We have discussed how write permission controls the ability to change the data in a file. But how about changing the permission bits, the owner, the group, and even the timestamps? No one can change anything on a CD and an NFS server can overrule an NFS client. In the following discussion, I will assume a local read-write filesystem and that the user called "root" has appropriate special administrative privileges for the file system in question.
chmod -- Changing The File Permissions
To change the file permissions at all, you must be the owner of the file or you must be the root user. The root user can change any permission bit. This may not be true of the owner. The one bit that the owner may not be able to switch on is the SGID bit.
To turn on that bit, the owner must be a member of the group that the file is in. If this restriction was not in place, a user could simply create an SGID program to give himself access to files controlled by groups other than those to which he belongs. Remember that, as we mentioned above, the SGID bit has been often overloaded into also being used for file locking. A version of Unix may or may not allow a file owner to switch on the SGID bit of a file in a different group if no execute bit is set.

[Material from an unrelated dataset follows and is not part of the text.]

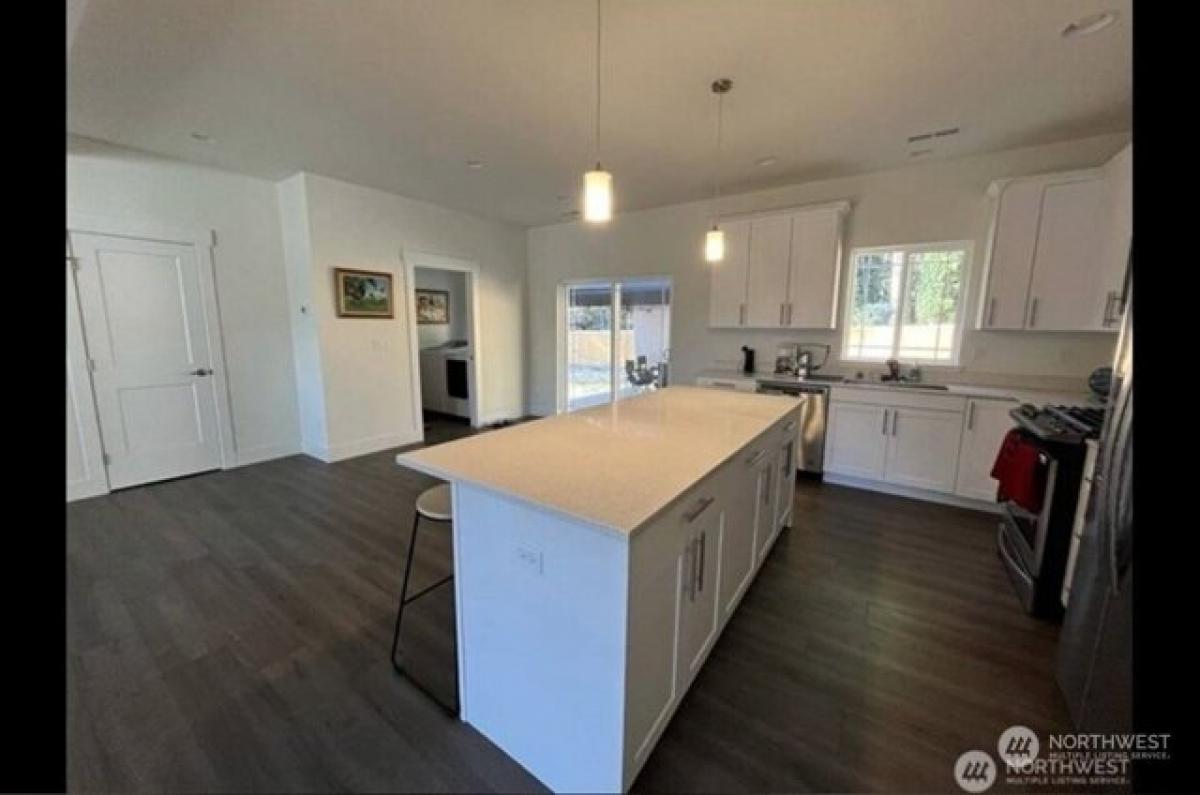 Picture of Home For Rent in Lakebay, Washington, United States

Simply turning on an execute bit may result in the SUID and SGID bits being cleared (even for root). This is a security feature to ensure that the user intends for the SUID and SGID bits to be set. The user can switch them back on explicitly. Or the user can simply explicitly set all the bit at once. Also be aware that writing to a file may, on some versions of Unix, clear the SUID and SGID bits. See below for the effect of changing the owner or group of a file.
chown -- Changing The File Owner
Originally, Unix allowed a file owner to give away a file. A file's owner could change the owner to someone else. There was no way for a non-root user to undo this operation. When Unix split into a Berkeley/AT&T versions, the USG (Unix Support Group, part of AT&T) versions of Unix tended to inherit this behavior. Meanwhile BSD (Berkeley Software Distribution, part of University of California, Berkeley) removed chown from non-root users. BSD had implemented disk quotas which could limit how much disk space a user could have in a filesystem. Naughty users could give away large files to sneek past the quotas.

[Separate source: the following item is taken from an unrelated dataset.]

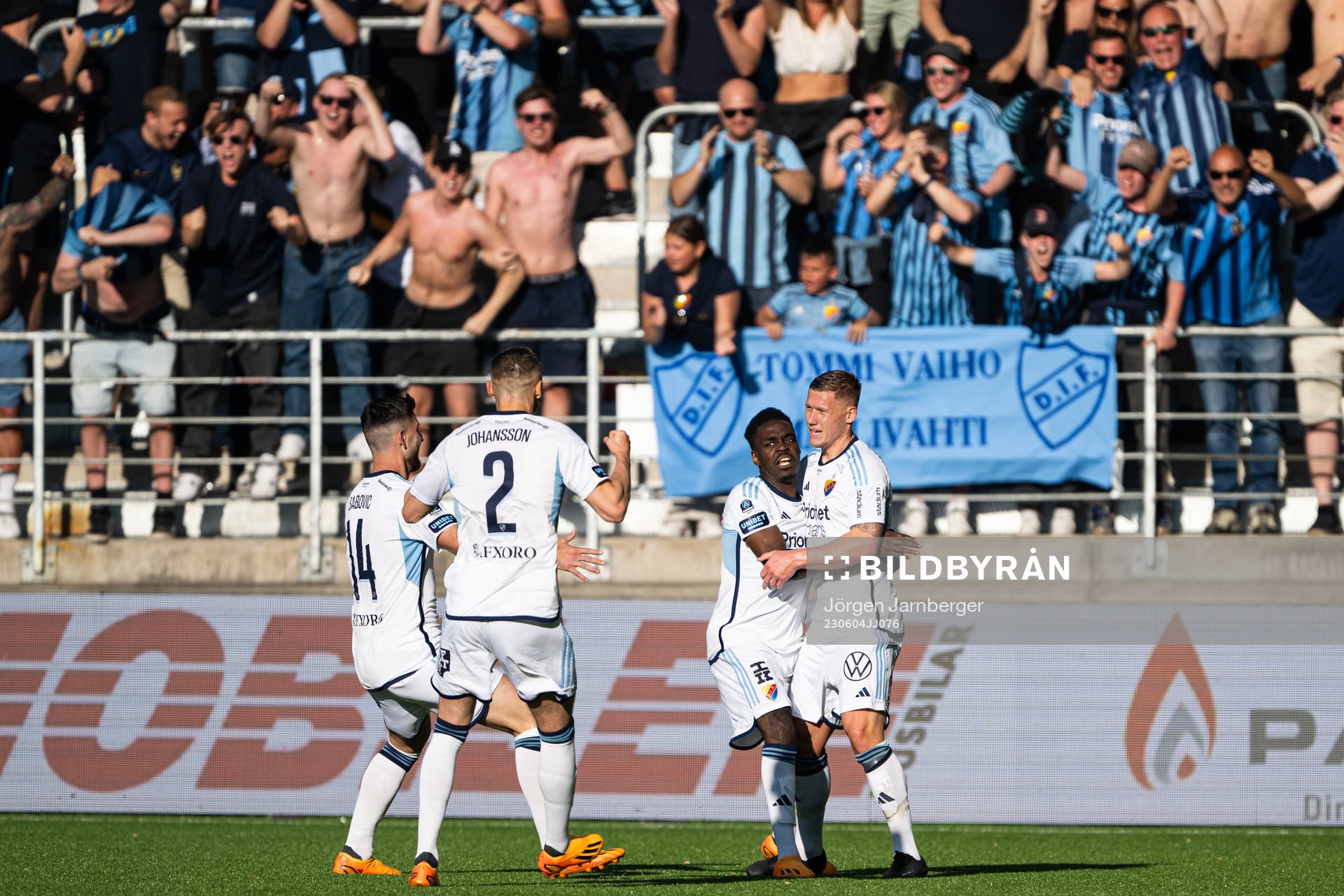 Djurgårdens Victor Edvardsen jublar med Joel Asoro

Today, it is not easy to say if a non-root can chown a file. Many versions of Unix allow
both behaviors. HP-UX has a
setprivgroup facility that can control whether or not members of a particular group can invoke chown. Solaris has a global paramter
rstchown which can be set to allow global chown. Setting this parameter also disables a change-group limitation described below (without affecting the SGID limitations described above). Recent Linux version have a
CAP_CHOWN capability to control this feature. You will need to consult your documentation for other versions of Unix. And you will need to consult your System Administrator to see how your particular system is configured.

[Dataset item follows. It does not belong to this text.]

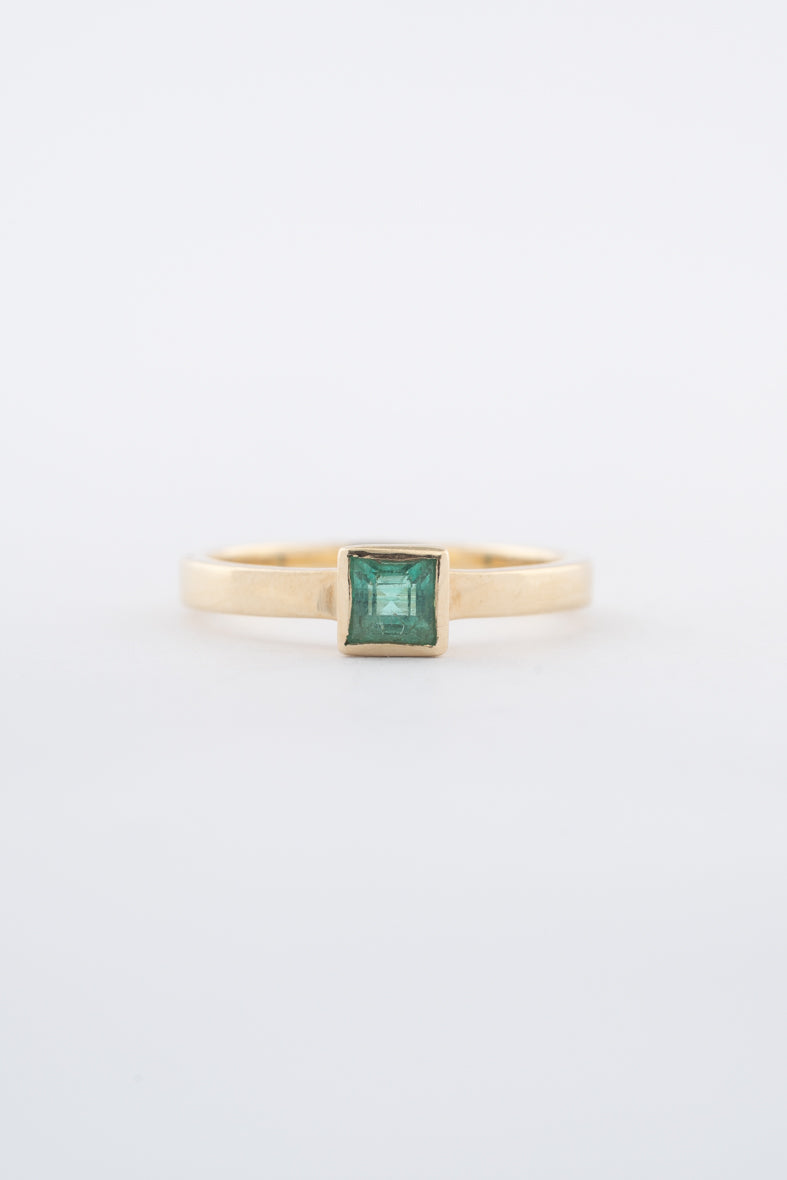 Geelgouden ring met smaragd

The default with most OS's is for chown to be restricted to root only. And there is a consensus that it should stay this way for security considerations. If a non-root user does change the owner of a file and any execute bit is on, the SUID and SGID bits must be cleared. This may or may not happen with root.
chown, chgrp -- Changing The File Group
The chown command can (with any modern, Posix compliant version of Unix) also attempt a group change. And there is a chgrp command. Both of these invoke the chown() system call to change a group. The fact that a common system call is involved helps explain why some OS versions jointly enforce or relax restrictions on non-root users for both owner and group changes.
A non-root user can change the group of file he owns to a group of which he is a member. Posix prohibits a non-root user from changing a files group to a group of which he is not a member. But some OS's lift this restriction if the restriction against changing a file's owner has been lifted.
If the group is changed by a non-root user and one or execute bits are set, the SUID and SGID bits are cleared.
touch -- Changing The File Timestamps
When the touch command is used to change the timestamps of an existing file, it invokes either the old utime() or the new utimes() system call. To change the timestamp on an existing file, you must own the file or be root. Also, you must have write permission on the file or be root.